To make it really simple, remove these 2 files (or rename them to *.save so that they will be regenerated by udev using the new MAC address) before mounting to the other box:
/etc/udev/rules.d/70-persistent-net.rules
/lib/udev/rules.d/75-persistent-net-generator.rules

I renamed the two files as suggested, but it still did not get on the network. There was a clue in dmesg (read from the stick in another Linux box) where it showed that the eth0 device was renamed to eth1. I looked at the 70-persistent-net.rules file again and found that the old definition from the Mobile was still there as eth0 and the new definition from the E02 was assigned to eth1. Since there was no definition for eth1 in /etc/network/interfaces, it didn't work. Also, the generator file had not been recreated; I renamed the old one back to the original name. I commented the line from the Mobile, moved the stick to the E02 and it got the network connection. Working 70-persistent-net.rules snippet:
# Unknown net device (/devices/platform/mv643xx_eth_port.0/net/eth0) (mv643xx_eth_port)
#SUBSYSTEM=="net", ACTION=="add", DRIVERS=="?*", ATTR{address}=="00:25:31:05:be:f1", ATTR{dev_id}=="0x0", ATTR{type}=="1", KERNEL=="eth*", NAME="eth0"
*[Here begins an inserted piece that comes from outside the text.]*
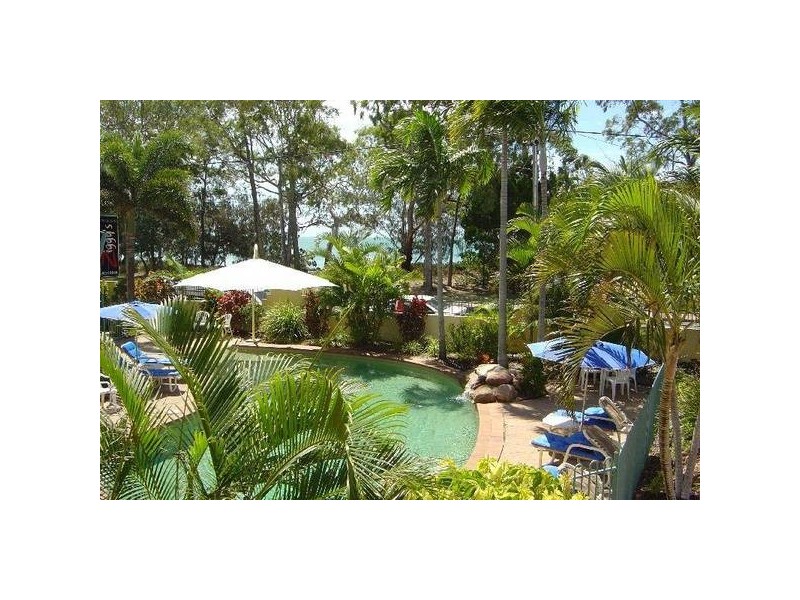 Torquay QLD 4655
# Unknown net device (/devices/platform/mv643xx_eth_port.0/net/eth0) (mv643xx_eth_port)
SUBSYSTEM=="net", ACTION=="add", DRIVERS=="?*", ATTR{address}=="00:25:31:00:bd:cf", ATTR{dev_id}=="0x0", ATTR{type}=="1", KERNEL=="eth*", NAME="eth0"

In the best troubleshooting tradition of changing two things at once, I also changed the interfaces file to specifiy the MAC address using the the hwaddress line in the static ip section. So, I'm not certain which one fixed it, but I'm pretty sure it was the udev rules.

All is fine now after sorting out a couple of USB DAC issues. I thought I'd post this in case anyone is thinking of doing something like this.